Alstom-General Electric : la CEE perdante, par P. CANFIN Juin 2014

, par  Marie-Odile NOVELLI , popularité : 0%

Alstom-General Electric : le vrai vainqueur Bouygues, le vrai perdant la
communauté européenne de l’énergie


Alstom-General Electric : le vrai vainqueur Bouygues, le vrai perdant la
communauté européenne de l’énergie

Par Pascal Canfin, ancien député européen écologiste, ancien ministre EELV et ex journaliste économique, Conseiller au World Ressources Institute (d’après le Nouvel Obs. et le Figaro).

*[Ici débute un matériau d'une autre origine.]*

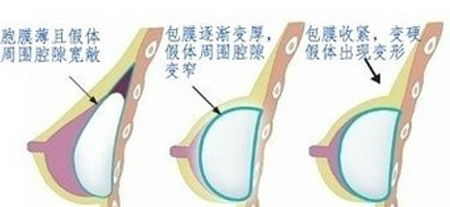 安全的方式现在可以规避包膜挛缩问题了吗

"La machine à communiquer tourne à plein régime. La proposition du
Gouvernement sur l’accord Alstom-General Electric serait un « retour de
l’Etat » et une victoire du « patriotisme économique ».
Qu’en est il
vraiment ?

L’Etat va t il vraiment investir dans Alstom ?
Non, il va simplement
racheter les parts de Bouygues qui souhaitait se désengager du capital
de l’industriel. Il n’y a donc aucun euro supplémentaire permettant à
Alstom d’investir, d’innover, de créer des emplois.
En revanche il y a
bien 1,7 milliards dans les caisses de Bouygues. Et 1, 7 milliards à
trouver pour l’Etat, qui pourrait du coup vendre une partie de sa
participation dans EDF. Ce qui renforcera la tendance déjà très présente
d’EDF à prendre ses décisions non pas en fonction de l’intérêt général
de long terme mais de l’évolution de son cours de bourse à court et
moyen terme.

Est-ce une victoire du « patriotisme économique » ?
Nous nous retrouvons
aujourd’hui dans la situation d’une alliance germano-japonaise
(Siemens-Mitsubishi) d’un côté et américano-française de l’autre. S’il y
a bien une certitude c’est que la communauté européenne de l’énergie a
pris aujourd’hui un coup qui pourrait s’avérer mortel ! Or, si l’on se
projette dans les années et décennies qui viennent, pour faire face de
manière autonome sur le plan géopolitique aux grands enjeux énergétiques
notre avenir passe par la construction de champions européens, comme
nous l’avons fait par ailleurs dans l’aéronautique. L’accord
d’aujourd’hui n’est donc en rien patriote puisqu’il signe sans doute la
mort de l’un des rares projets qui auraient pu renforcer notre poids
stratégique dans le monde.

Enfin, Arnaud Montebourg explique aujourd’hui que les règles de la
concurrence européenne auraient empêché l’alliance avec Siemens. Cela
ressemble plus à un alibi qu’à un véritable argument. D’une part, il est
quand même très peu probable que personne chez Siemens n’ait pensé à cet
argument dès le début du dossier ! Ce qui ne les a pas empêché de
déposer une offre sérieuse. Et d’autre part, les mêmes règles de la
concurrence pourraient être contournées par l’entrée de l’Etat au
capital d’Astom ce qui n’empêche pas Arnaud Montebourg de s’engager dans
cette voie.

Au final l’accord sur Alstom fait un vrai gagnant, Bouygues, et un vrai
perdant : notre capacité à gérer notre avenir en européen."